═════ AVAILABLE DATA

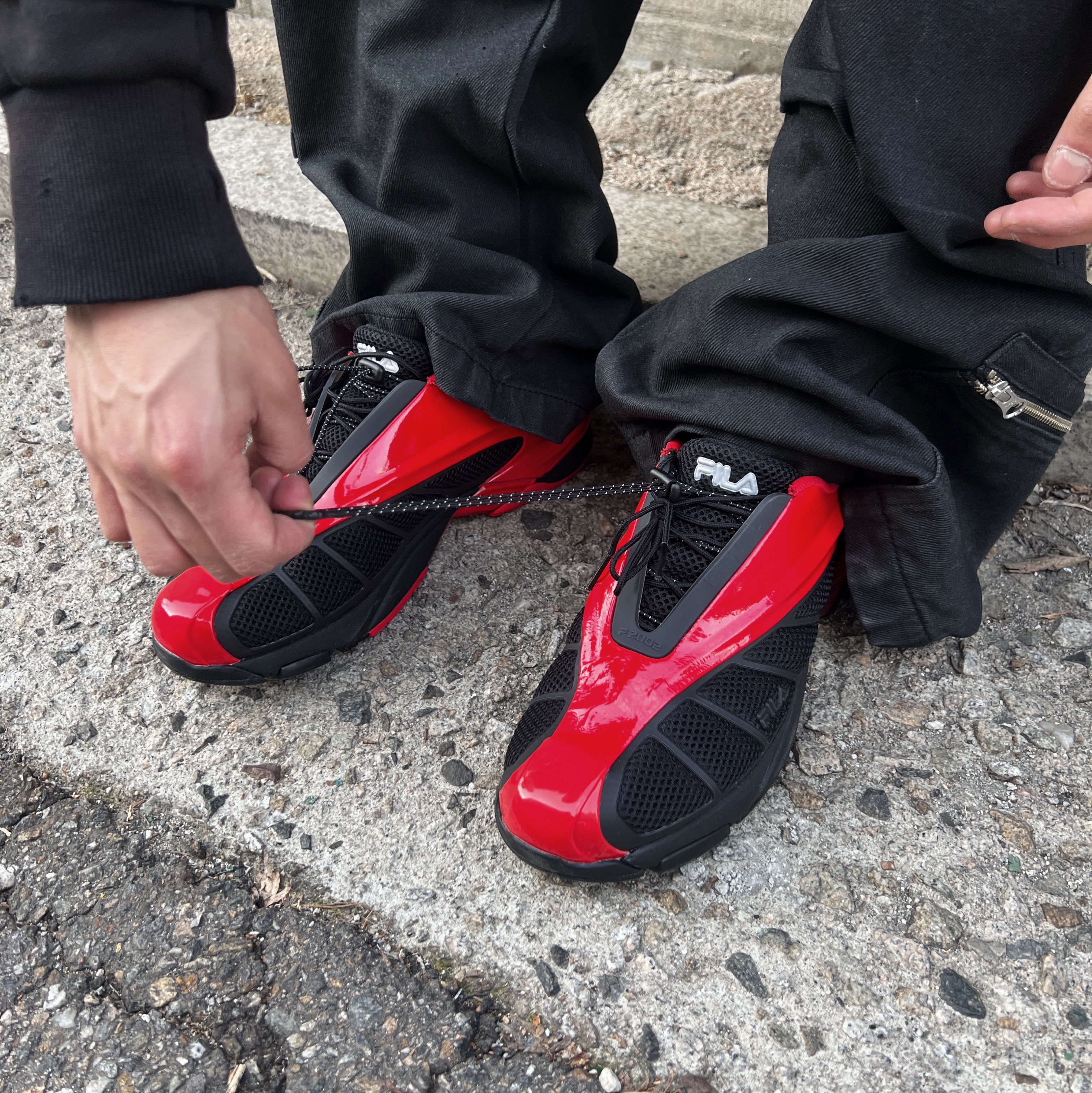 Fila Replica 2002 Black Red 착용 스타일 - 3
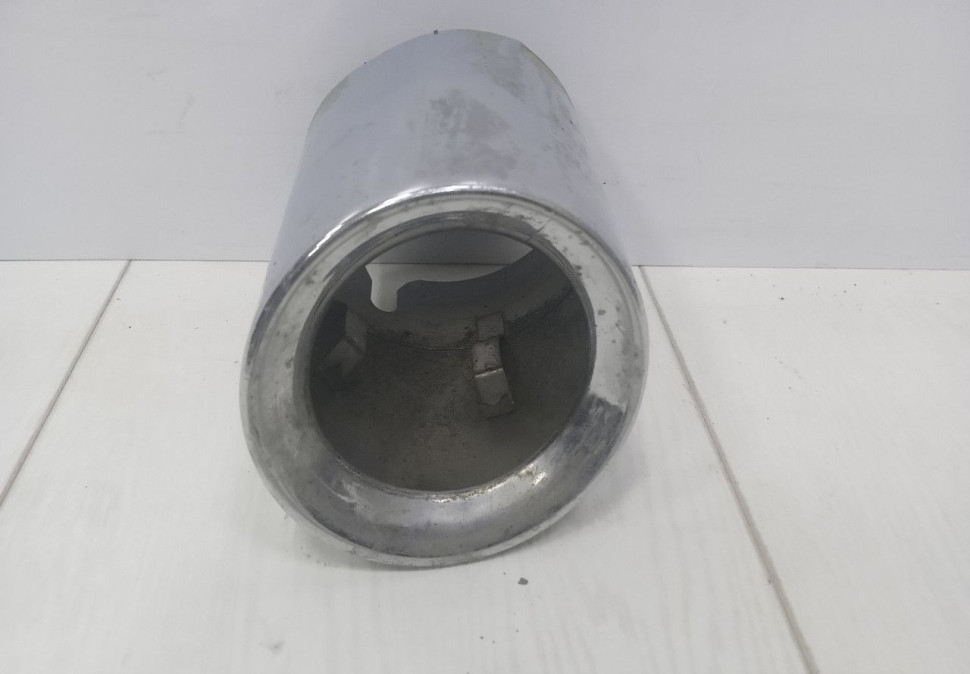 Насадка глушителя BMW X3 G01 OEM 18308658210 Насадка глушителя BMW X3 G01 OEM 18308658210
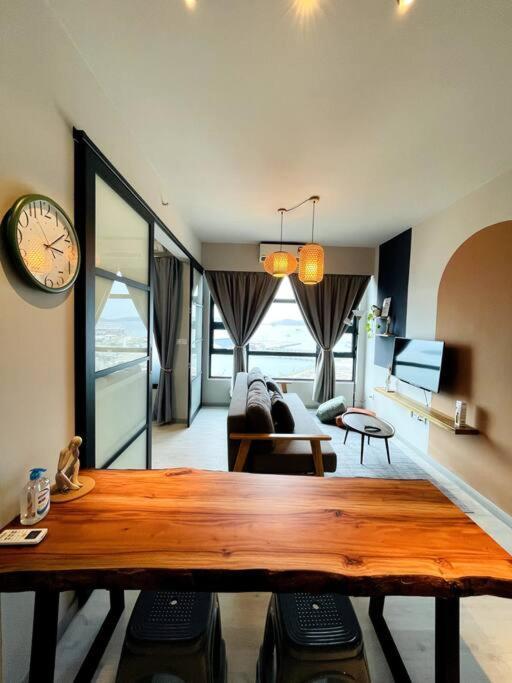 Jesselton Quay - Suite 1 By Staycation Suites Kk Kota Kinabalu Bagian luar foto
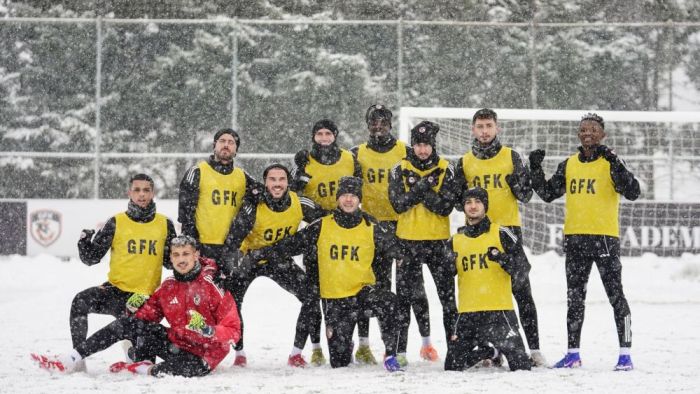 Gaziantep FK’da karlı zeminde sarı takım kazandı
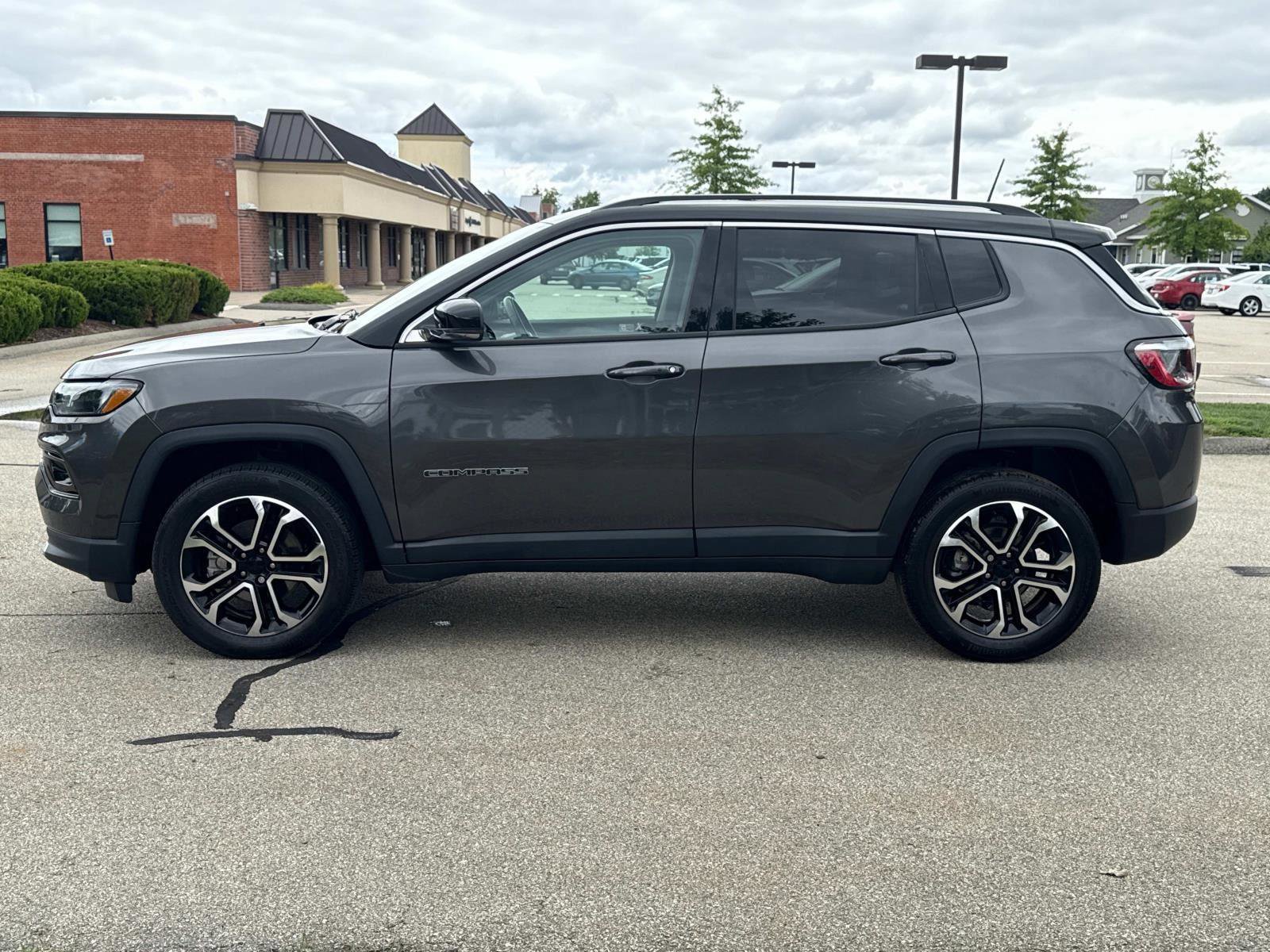 Used 2022 Jeep Compass Limited image 8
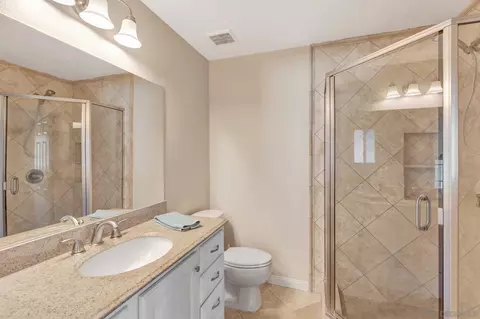 Bath - 13518 Lakeshore Dr, Lakeside, CA 92040 photo 2 of 3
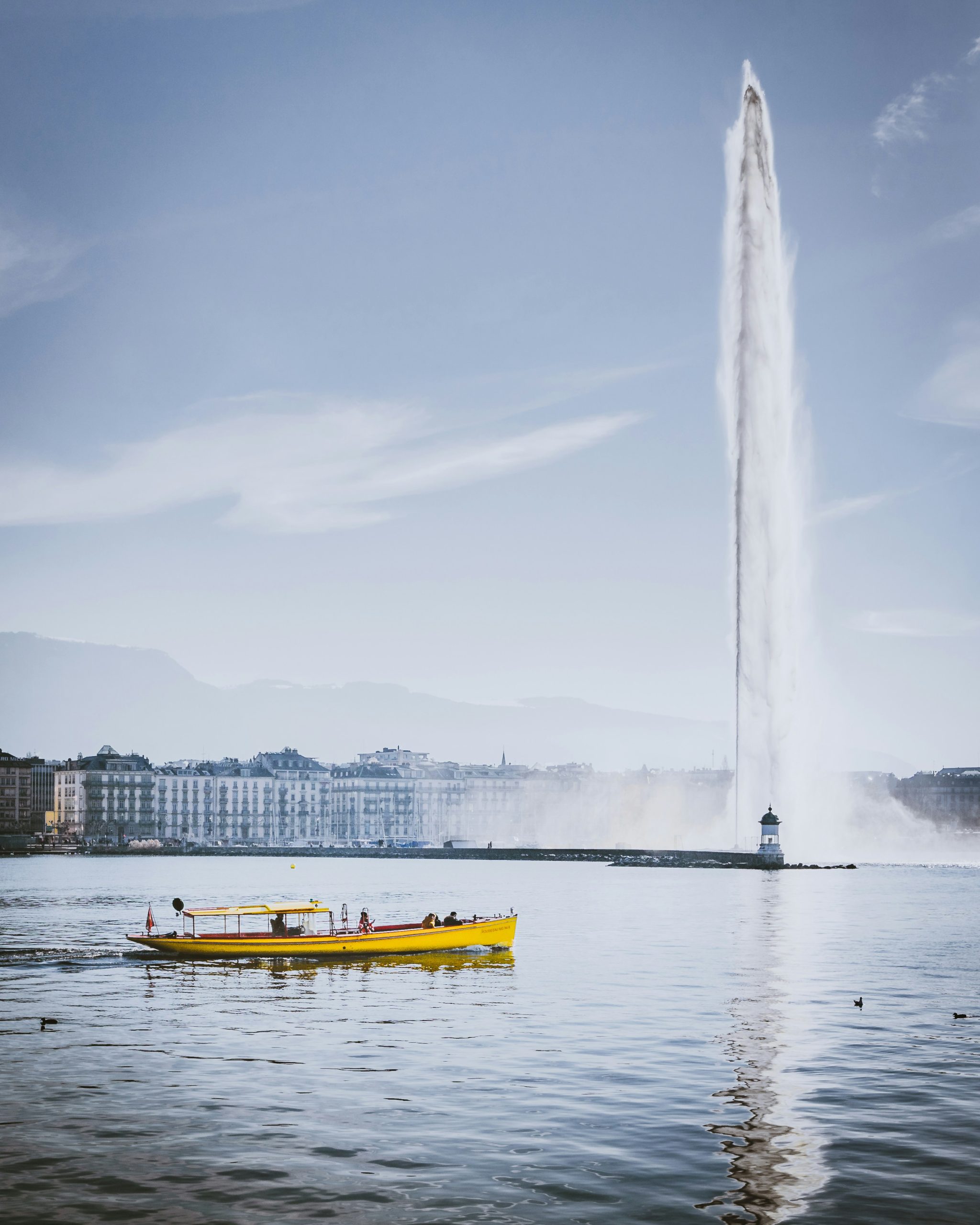 bateau jaune sur le lac de Genève à coté du jet d'eau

══════════

== WORK ITEM ==
Retype, exactly as written, each line from the one containing "Jesselton Quay - Suite" through the end of the data above, and leave out every picture.

== RESULT ==
 Jesselton Quay - Suite 1 By Staycation Suites Kk Kota Kinabalu Bagian luar foto
 Gaziantep FK’da karlı zeminde sarı takım kazandı
 Used 2022 Jeep Compass Limited image 8
 Bath - 13518 Lakeshore Dr, Lakeside, CA 92040 photo 2 of 3
 bateau jaune sur le lac de Genève à coté du jet d'eau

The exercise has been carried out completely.